It returns a function that the user can call inside their analysis script and which will do all the heavy lifting before returning the file location.
For example, the backbone of my research is the ERA5 reanalysis, which is a big global gridded dataset of the atmosphere and the surface of the planet. These data are too big to share but, luckily, they are easy to get. The Climate Data Store serves these datasets to anyone for free.
So let’s say I have a function called download_era5()
which takes a file location and downloads the relevant data using the ecwmfr package.
Then I can define my dataset with
ERA5 <- new_dataset( name = "era5", file = "data_raw/era5.mon.mean.nc", source = download_era5 )

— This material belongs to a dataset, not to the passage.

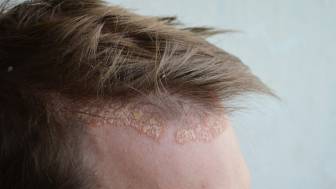Was sind die Ursachen für ein Ekzem an der Kopfhaut und wie wird es behandelt?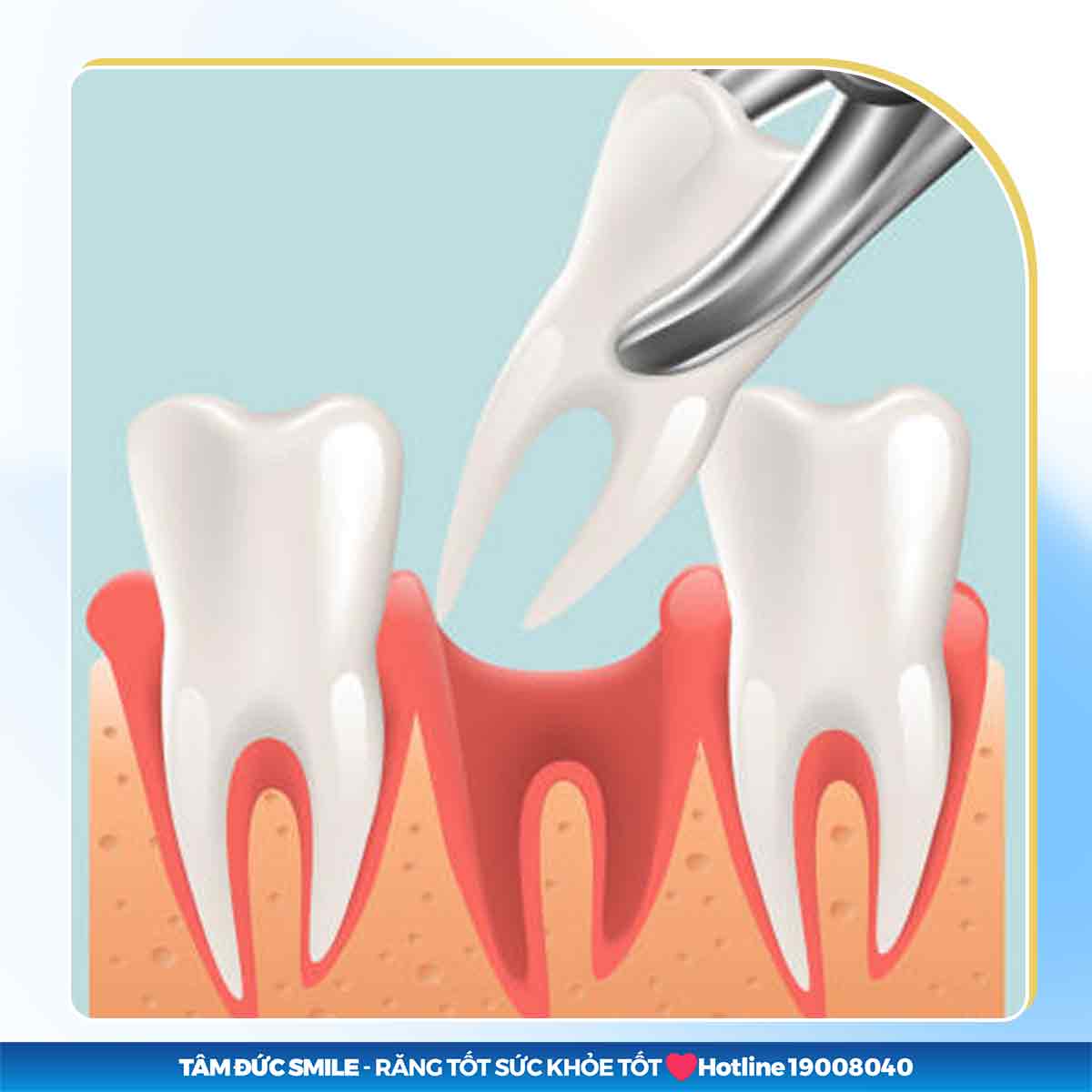 Nhổ răng cấm có cần phải trồng lại không? Giải đáp & phương án khắc phục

I’d put this on my project package or where I put my scripts. Then, in the main Rmd I just load the dataset with
data <- ERA5() |> metR::ReadNetCDF()
The first time I run this line or knit the file on a new computer it will automatically download the dataset and check that the checksum is correct (the .md5 files need to be shared with the repository).
An important note is to make sure that your source function always returns the same data. This means being very explicit about things like date ranges.
Conclusions
This usage pattern can be extended a lot, which is why I like it. If the dataset is a function, you can go crazy and make it do a lot of background work! For instance, you could include citation information in your function and make it populate the relevant .bib file only if the function is used and with the exact date the data was downloaded on.
It can also be extended to add a Zenodo repository as a secondary source. The first time you download from the original source, and then you create a Zenodo repository. This will ensure better reproducibility, since the original source might change the data (in case of errors in the data, for instance) while also having a clear paper trail of how the dataset was obtained from the primary source.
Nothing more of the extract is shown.